» **WHAT THE TASK REQUIRES**:
This task calls for the lines below starting at the one containing "ЖК Містечко Південне — 39.3 м²" and ending at the one containing "Unique Vintage Tin Lamp With Clockwork", repeated exactly with both ends kept and pictures left out.

» **MATERIAL PROVIDED**:

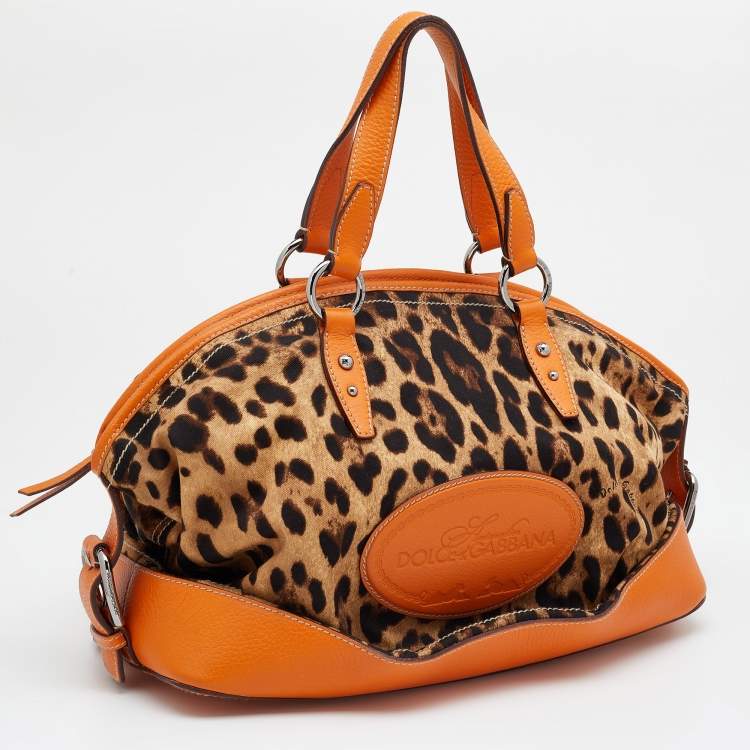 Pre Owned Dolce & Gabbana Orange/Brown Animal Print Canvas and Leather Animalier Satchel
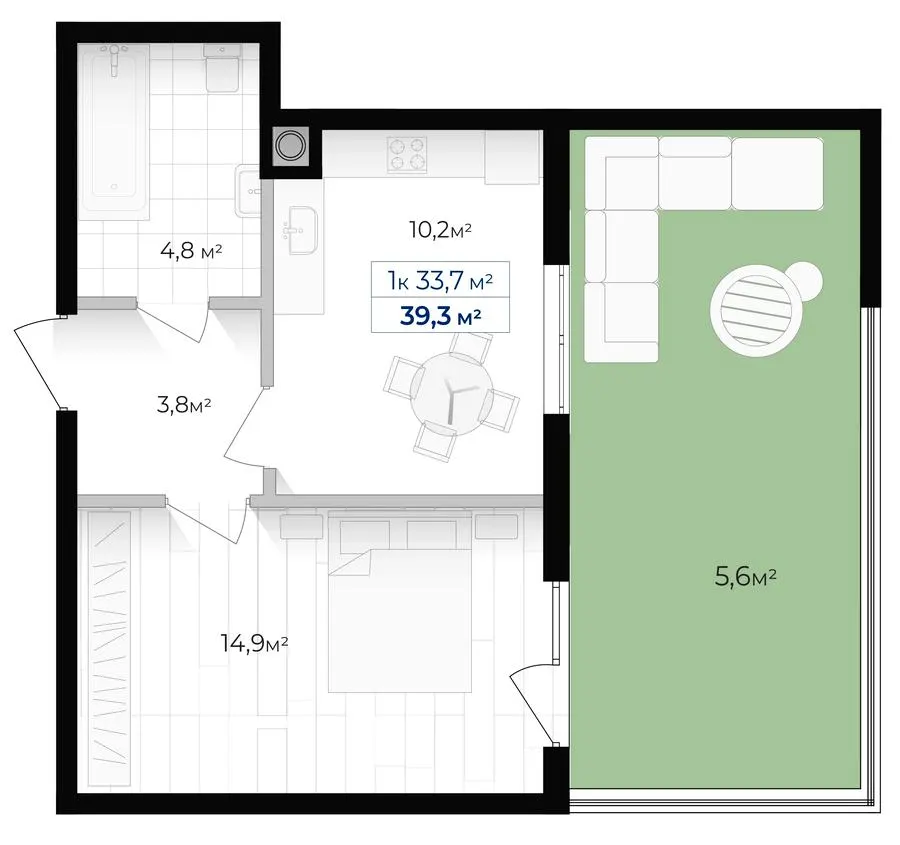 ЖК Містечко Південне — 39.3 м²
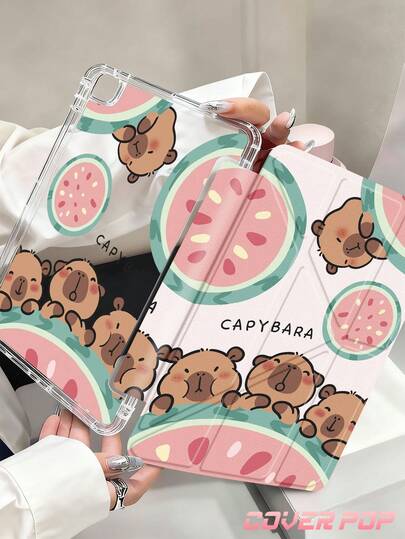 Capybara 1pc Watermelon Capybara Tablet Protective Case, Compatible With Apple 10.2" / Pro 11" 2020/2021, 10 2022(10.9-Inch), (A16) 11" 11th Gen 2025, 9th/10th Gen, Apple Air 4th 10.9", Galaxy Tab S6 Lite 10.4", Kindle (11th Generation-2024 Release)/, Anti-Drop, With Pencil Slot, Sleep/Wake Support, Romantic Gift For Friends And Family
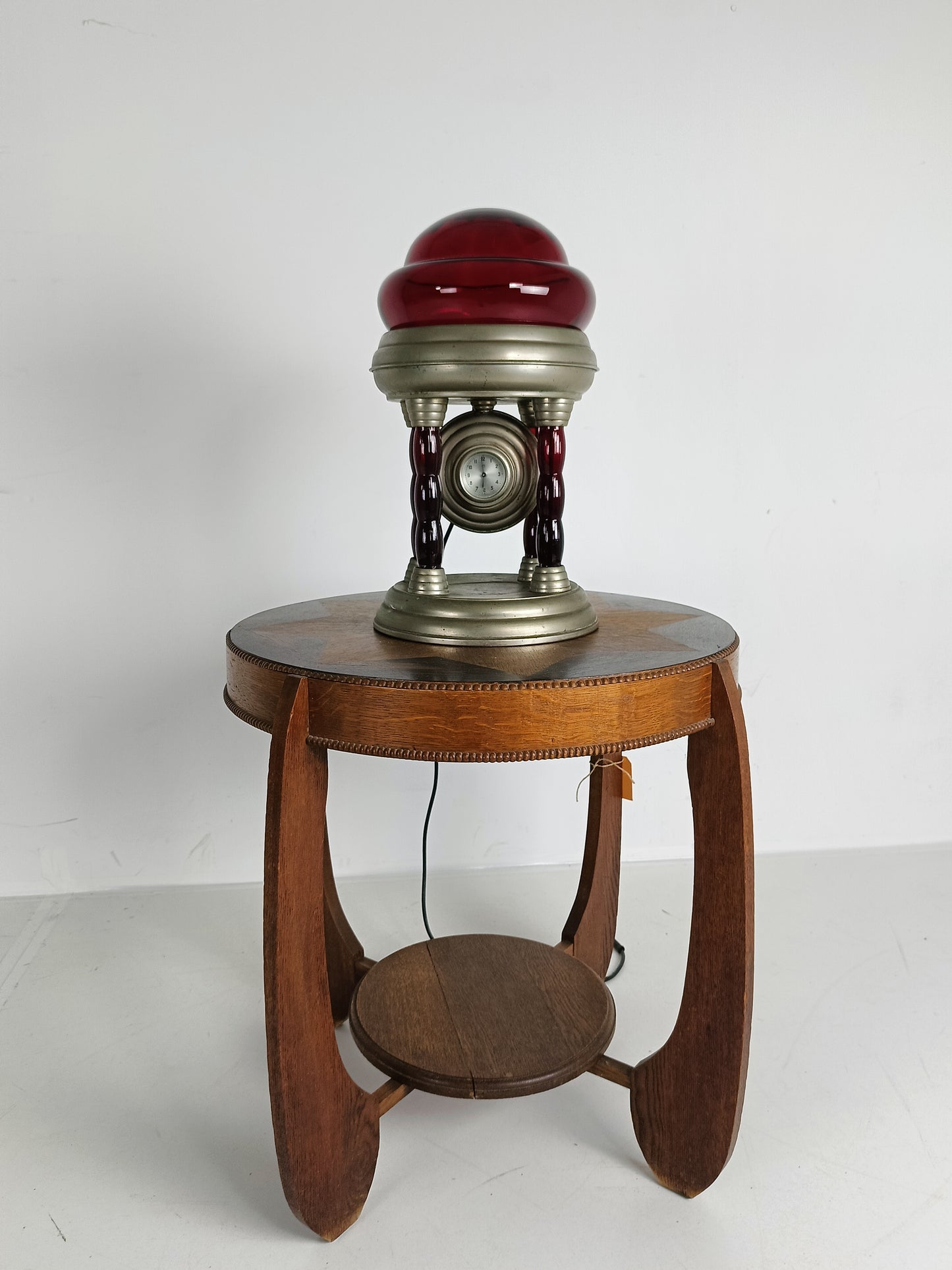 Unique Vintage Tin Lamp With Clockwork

...

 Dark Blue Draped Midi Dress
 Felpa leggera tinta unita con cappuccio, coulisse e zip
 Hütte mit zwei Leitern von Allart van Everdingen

» **SOLUTION FOR THIS PROBLEM**:
 ЖК Містечко Південне — 39.3 м²
 Capybara 1pc Watermelon Capybara Tablet Protective Case, Compatible With Apple 10.2" / Pro 11" 2020/2021, 10 2022(10.9-Inch), (A16) 11" 11th Gen 2025, 9th/10th Gen, Apple Air 4th 10.9", Galaxy Tab S6 Lite 10.4", Kindle (11th Generation-2024 Release)/, Anti-Drop, With Pencil Slot, Sleep/Wake Support, Romantic Gift For Friends And Family
 Unique Vintage Tin Lamp With Clockwork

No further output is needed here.